REQUIRED ACTION:
Beginning at the line with "行走费洛蒙从1到免费漫画,第3话2图", please repeat each line exactly through the end of the records below, including that first line and the last, but no pictures.

--- START ---

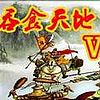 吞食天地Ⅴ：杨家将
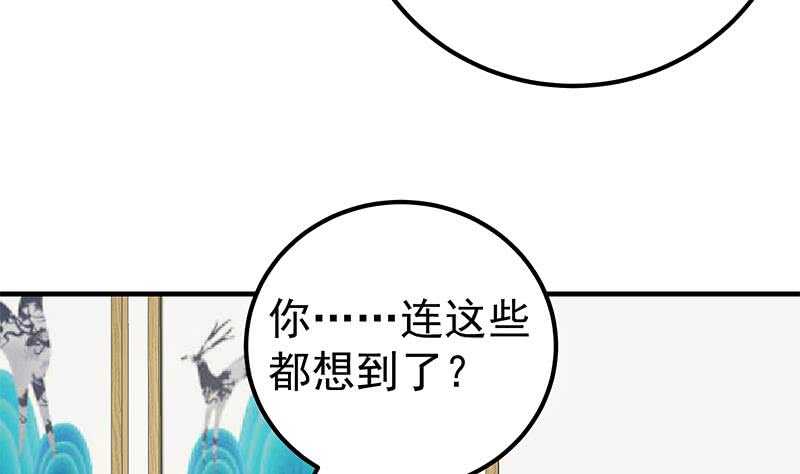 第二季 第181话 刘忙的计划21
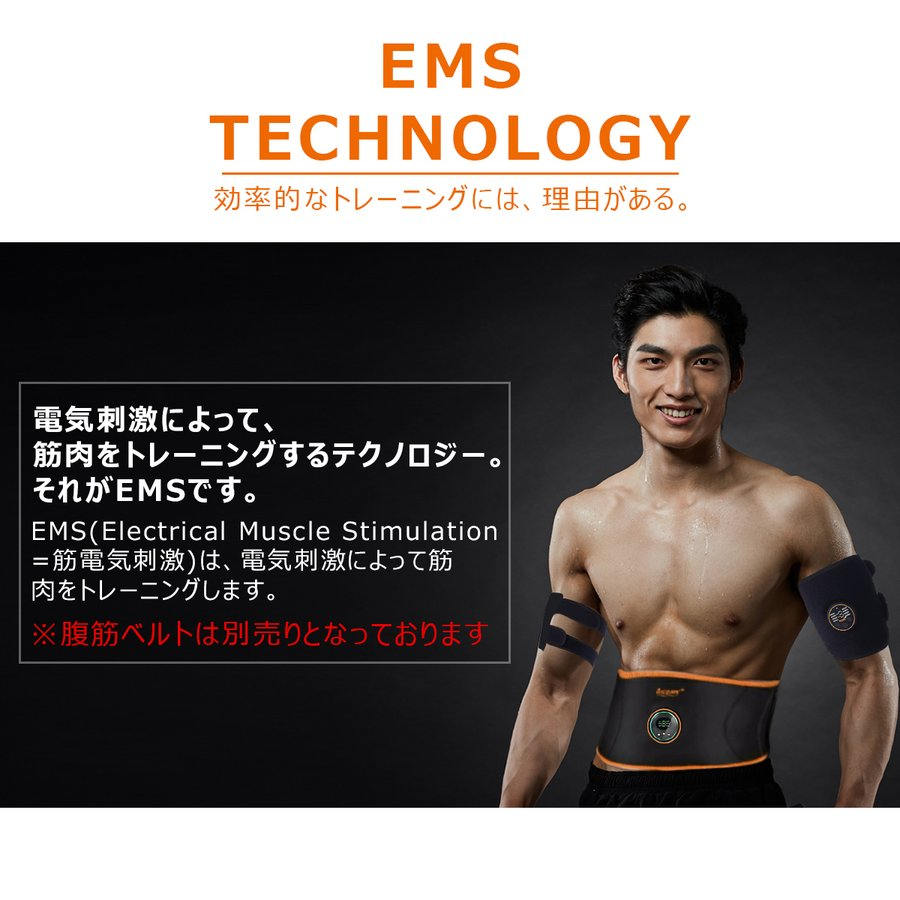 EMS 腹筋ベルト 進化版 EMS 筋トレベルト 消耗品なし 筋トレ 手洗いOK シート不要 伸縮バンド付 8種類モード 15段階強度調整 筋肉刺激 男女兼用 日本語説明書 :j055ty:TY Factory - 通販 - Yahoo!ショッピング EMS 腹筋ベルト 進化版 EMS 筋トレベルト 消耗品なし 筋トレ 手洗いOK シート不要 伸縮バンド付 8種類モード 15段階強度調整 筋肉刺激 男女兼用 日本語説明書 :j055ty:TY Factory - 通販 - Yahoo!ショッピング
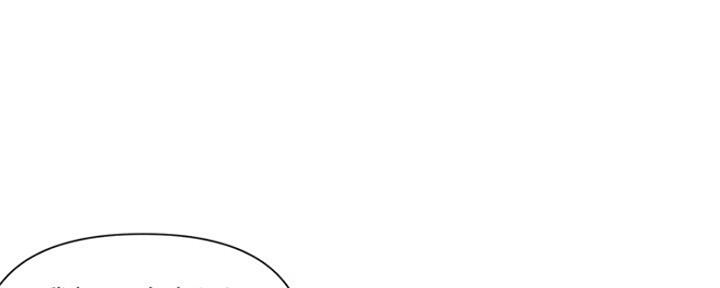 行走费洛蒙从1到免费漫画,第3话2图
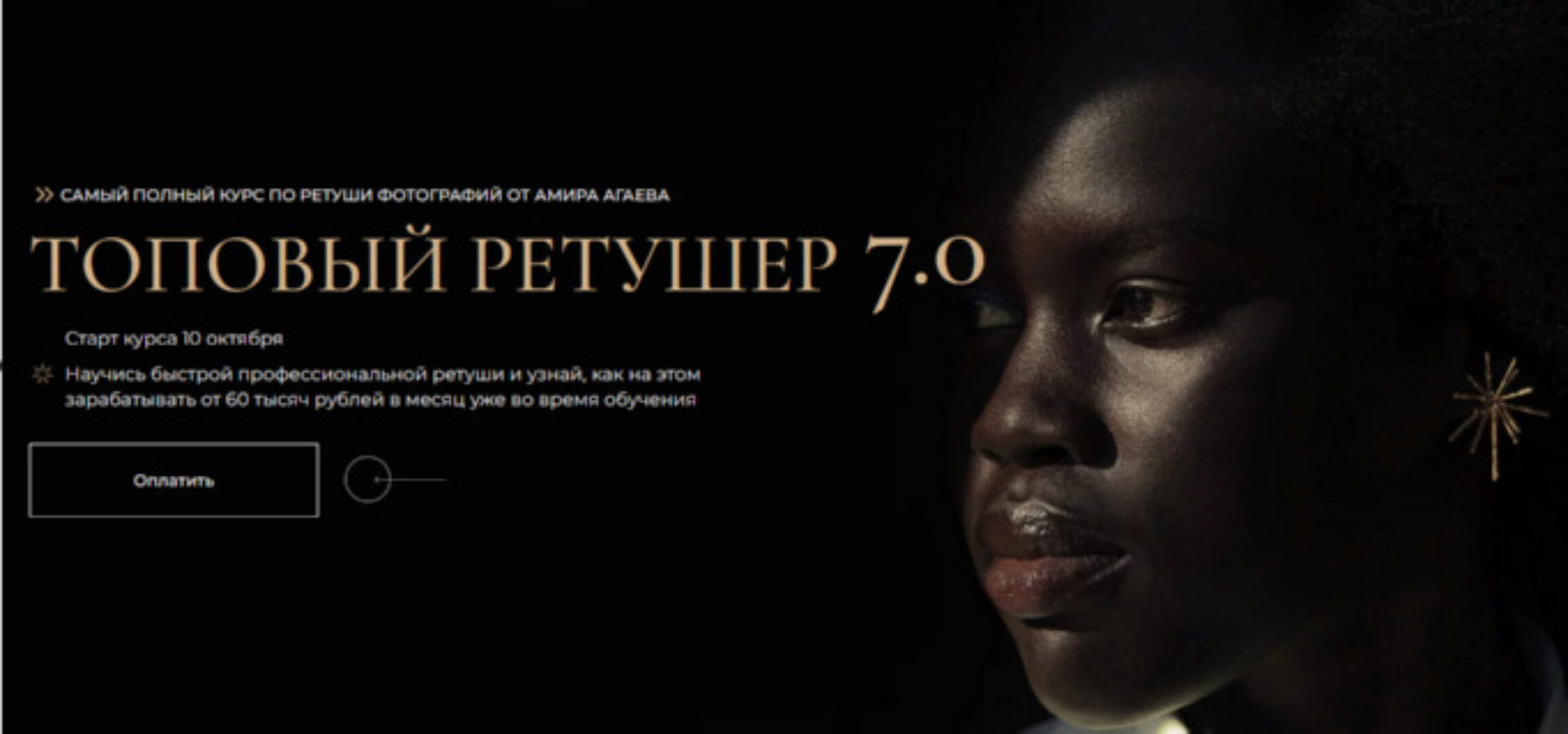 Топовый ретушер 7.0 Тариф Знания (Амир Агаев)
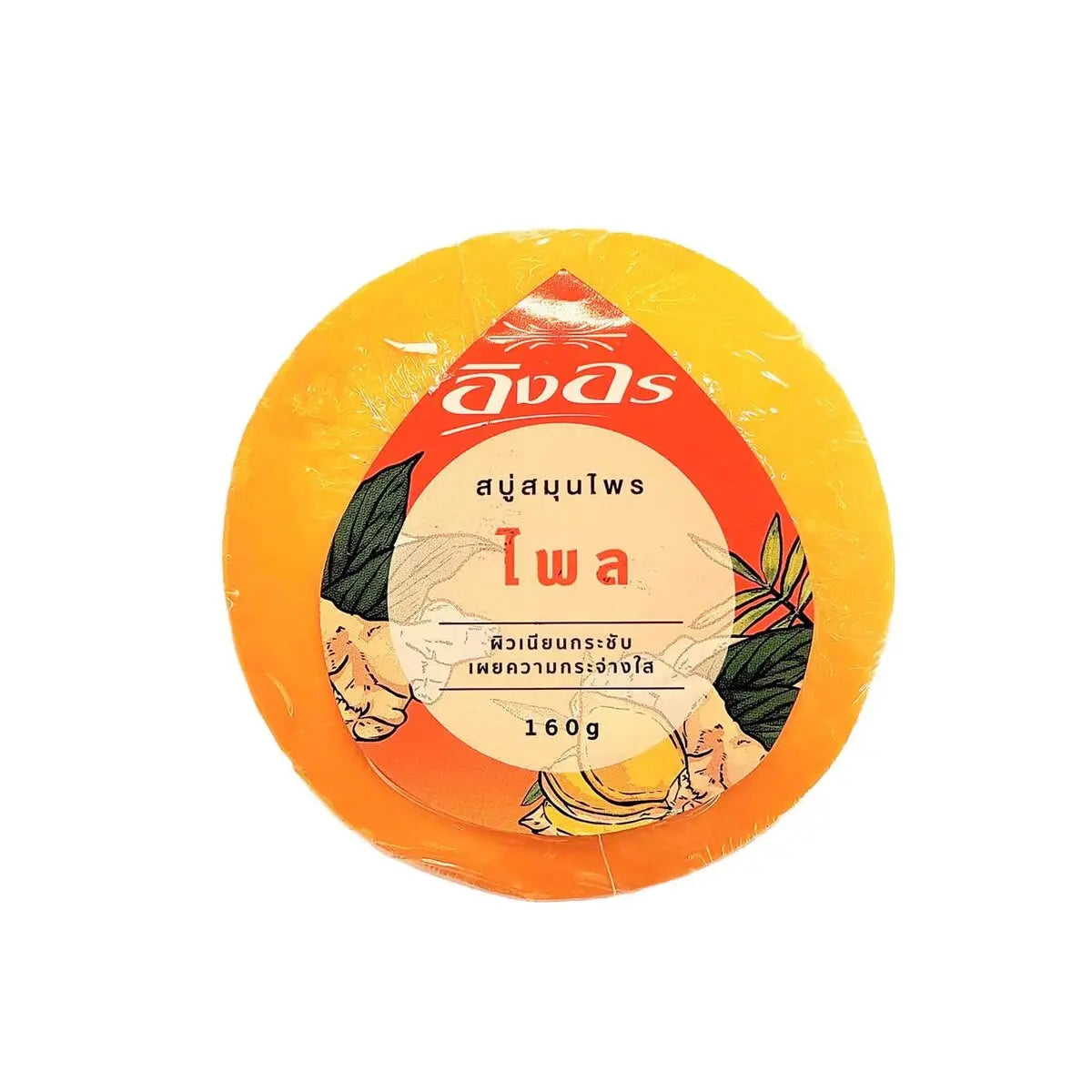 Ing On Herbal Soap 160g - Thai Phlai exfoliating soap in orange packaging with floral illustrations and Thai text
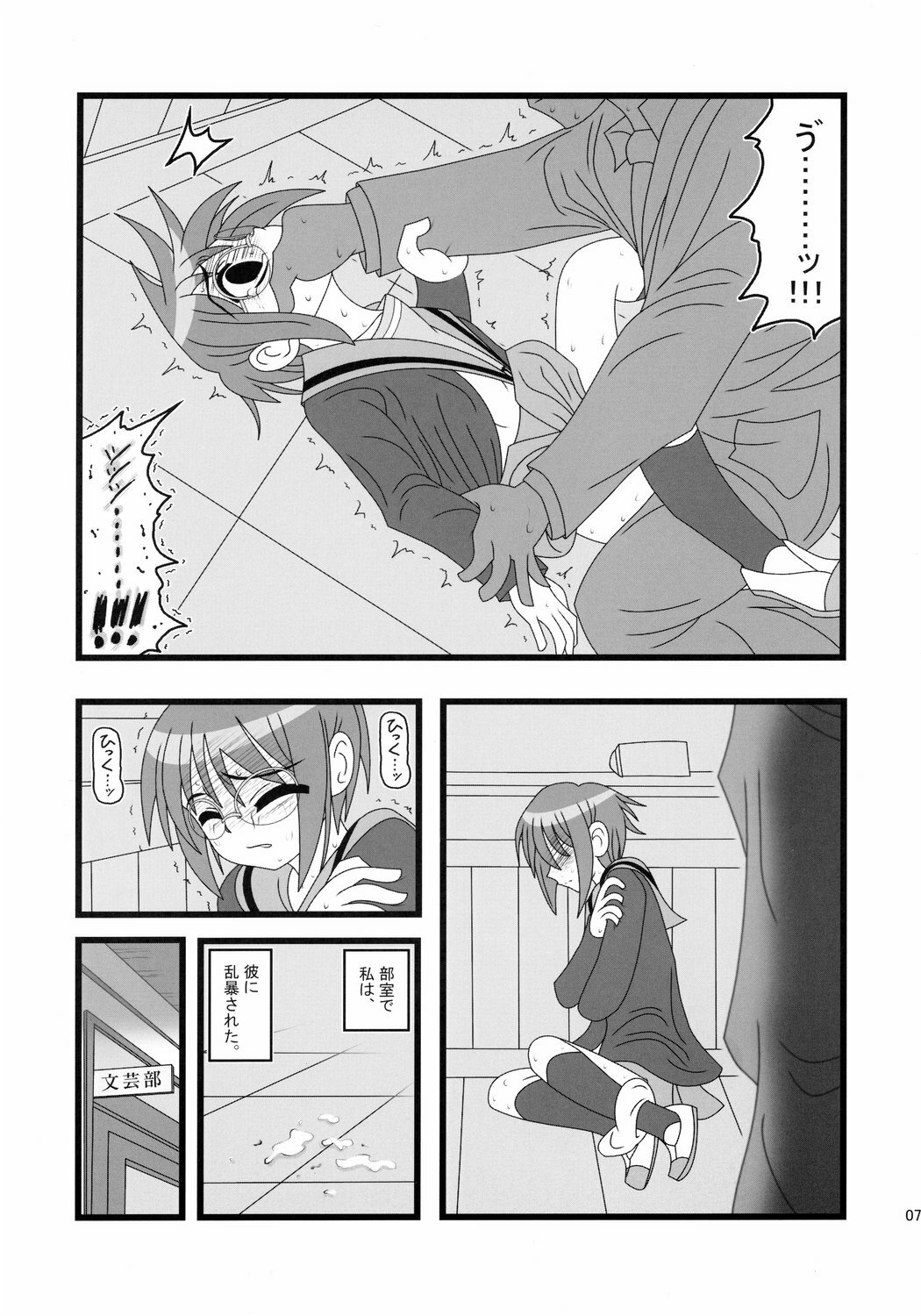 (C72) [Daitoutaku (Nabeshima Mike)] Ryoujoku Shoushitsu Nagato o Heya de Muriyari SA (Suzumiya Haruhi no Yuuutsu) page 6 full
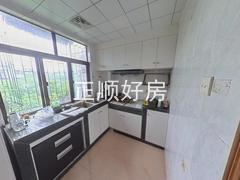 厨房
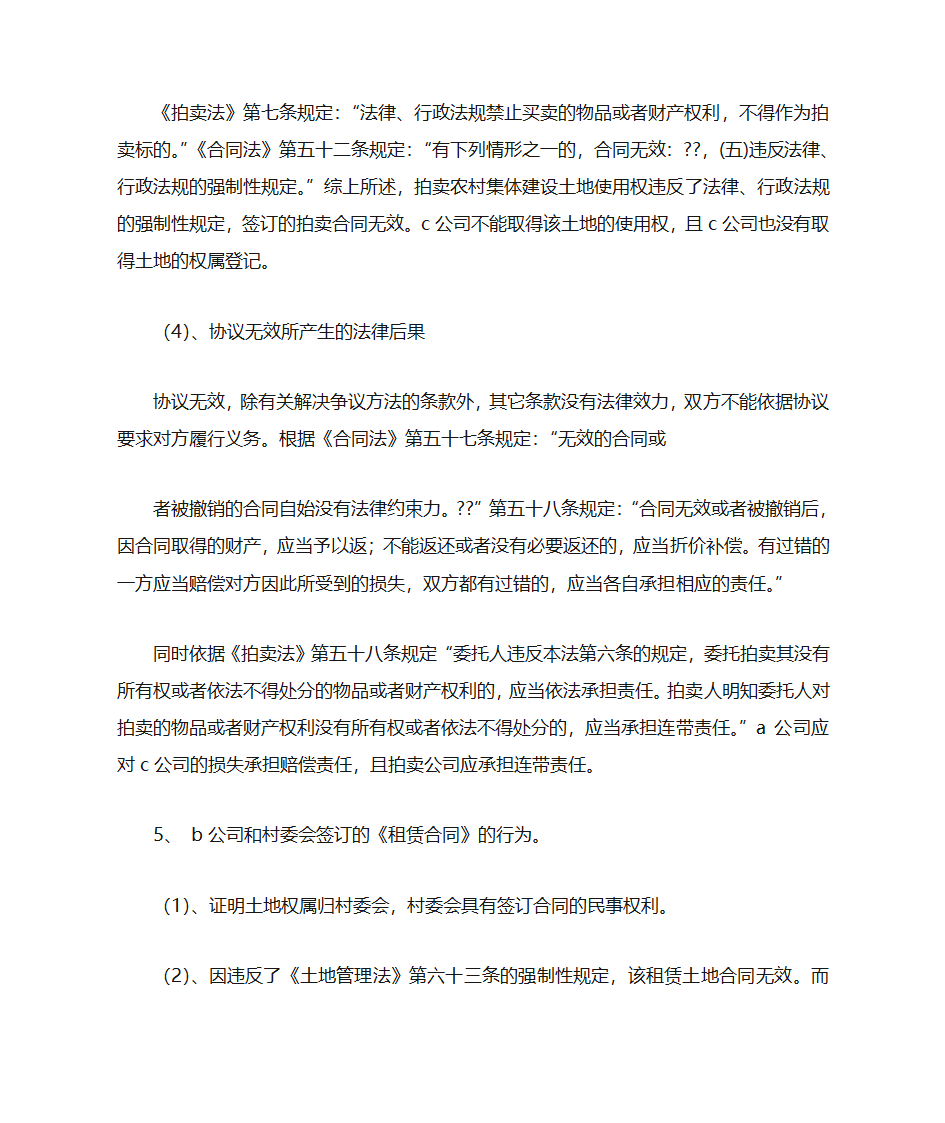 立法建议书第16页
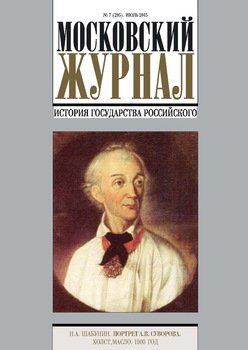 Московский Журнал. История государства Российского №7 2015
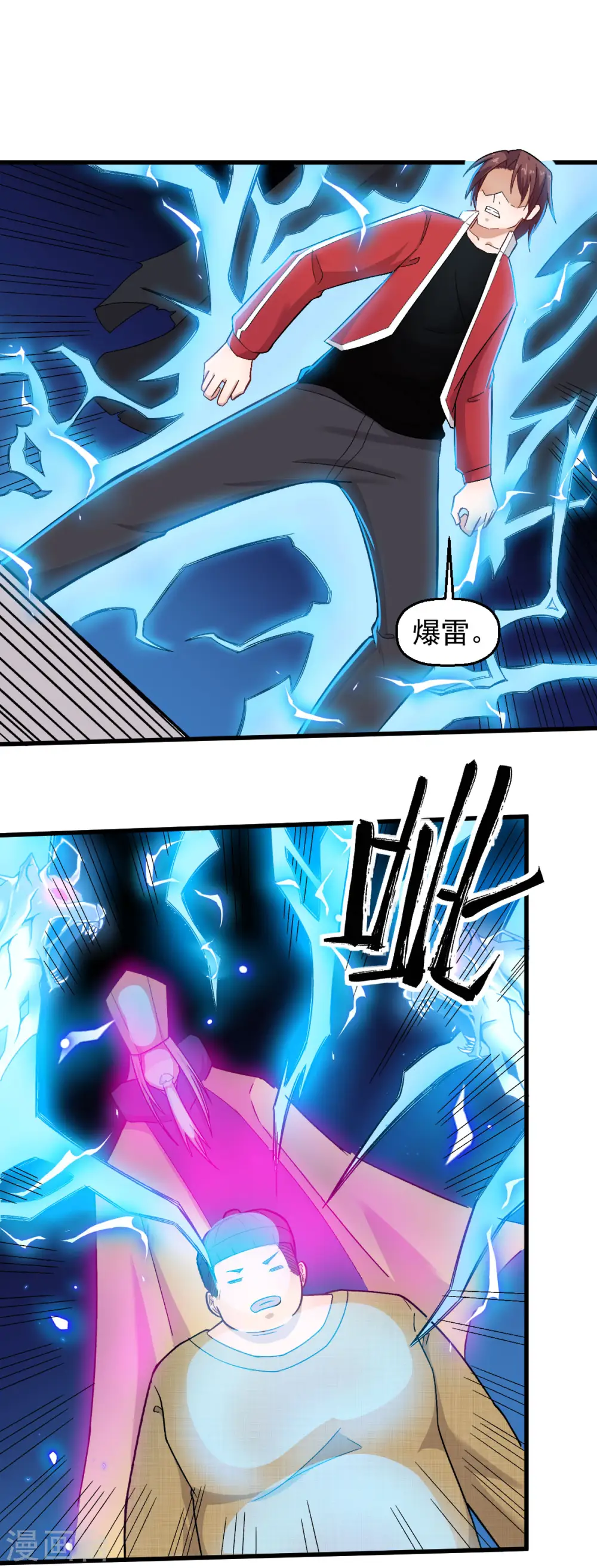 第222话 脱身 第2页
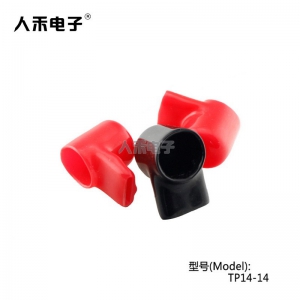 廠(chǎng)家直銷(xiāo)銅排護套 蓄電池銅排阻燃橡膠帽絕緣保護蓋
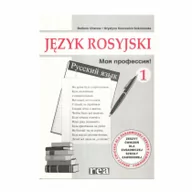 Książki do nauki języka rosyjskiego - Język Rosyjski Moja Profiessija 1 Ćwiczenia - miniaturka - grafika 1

--- END ---

EXERCISE ANSWER:
 行走费洛蒙从1到免费漫画,第3话2图
 Топовый ретушер 7.0 Тариф Знания (Амир Агаев)
 Ing On Herbal Soap 160g - Thai Phlai exfoliating soap in orange packaging with floral illustrations and Thai text
 (C72) [Daitoutaku (Nabeshima Mike)] Ryoujoku Shoushitsu Nagato o Heya de Muriyari SA (Suzumiya Haruhi no Yuuutsu) page 6 full
 厨房
 立法建议书第16页
 Московский Журнал. История государства Российского №7 2015
 第222话 脱身 第2页
 廠(chǎng)家直銷(xiāo)銅排護套 蓄電池銅排阻燃橡膠帽絕緣保護蓋
 Książki do nauki języka rosyjskiego - Język Rosyjski Moja Profiessija 1 Ćwiczenia - miniaturka - grafika 1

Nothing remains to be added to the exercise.